In this rather intimate letter between Ignatius and the church at Ephesus only a century after the apostle Paul himself wrote the canonical epistle to the Ephesian church, we see a little bit of the thinking of the persecuted church under Rome. Ignatius is writing to thank the church for its prayers in the midst of his imprisonment and subsequent transfer from Syria, where he served as a bishop, to Rome. The prayers of the church at Ephesus were probably not the type that we might ask for today. We see the nature of these prayers in what Father Ignatius says.
“…in the hope of obtaining by your prayers the privilege of fighting with beasts at Rome, that by so doing I might be enabled to be a true disciple…”
The prayers that were offered for Ignatius were not prayers for his release, they were prayers for his death in the Colosseum in Rome. We might think this a little strange, but to understand the reasoning of these holy brothers and sisters we have to take into account the second part of his statement, which says, “…that by so doing I might be enabled to be a true disciple…” Ignatius probably did not start his Christian walk with a desire to die in the Colosseum, but he has a unique perspective that by dying this death, he relates to Christ in a special way, and that it is in some way a confirmation of the depth of his faith and conviction.
Ignatius and the thousands like him who have gone to their deaths for their faith in Christ have all gone with an understanding of a foundational principle. This principle is best represented in the New Testament with Paul’s letter to the Philippians.
7 But whatever gain I had, I counted as loss for the sake of Christ. 8 Indeed, I count everything as loss because of the surpassing worth of knowing Christ Jesus my Lord. For his sake I have suffered the loss of all things and count them as rubbish, in order that I may gain Christ 9 and be found in him, not having fa righteousness of my own that comes from the law, but that which comes through faith in Christ, the righteousness from God that depends on faith— 10 that I may know him and the power of his resurrection, and may share his sufferings, becoming like him in his death, 11 that by any means possible I may attain the resurrection from the dead. -Php 3:7–11.

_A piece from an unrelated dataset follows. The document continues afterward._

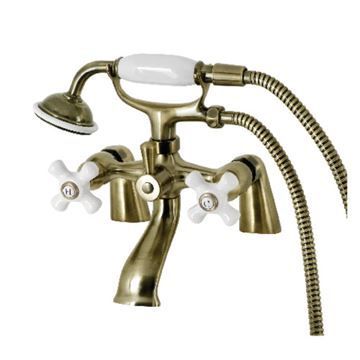 Restorers Kingston KS267PX Tub Wall Clawfoot Faucet & Hand Showerimage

Paul is willing to give up everything in his pursuit of Christ, and in this, his suffering is not a liability. Suffering for Christ in Paul’s eyes only draws us to a closer knowledge of Christ, because the love of Christ was made perfect in His death. In the same way, many of the suffering church believed that their own suffering made their love for Christ more perfect and more genuine. We often say that we do not truly understand a person until we have walked a mile in their shoes. Christ died not for us, and in order to know Him more intimately, we must walk a mile in His shoes. So, the deaths of the martyrs was not met begrudgingly or in great distress, it was met with pride and humility as they walked in the footprints of Jesus.
Ignatius said of his death… “Now I begin to be a disciple. Let fire and cross, flocks of beasts, broken bones, dismemberment come upon me, so long as I attain to Jesus Christ.” Saint Ignatius’ pursuit of Christ ended in 107 A.D. in the city of Rome were, by decree of Caesar, a public spectacle was made of his delivery to the lions. Oh that we would live with the conviction to die, as did our Lord and savior Jesus Christ.
 Pope Clement I et al., The Apostolic Fathers, ed. Pope Clement I et al., vol. 1, The Loeb Classical Library (London; New York: Heinemann; Macmillan, 1912–1913), 173–175.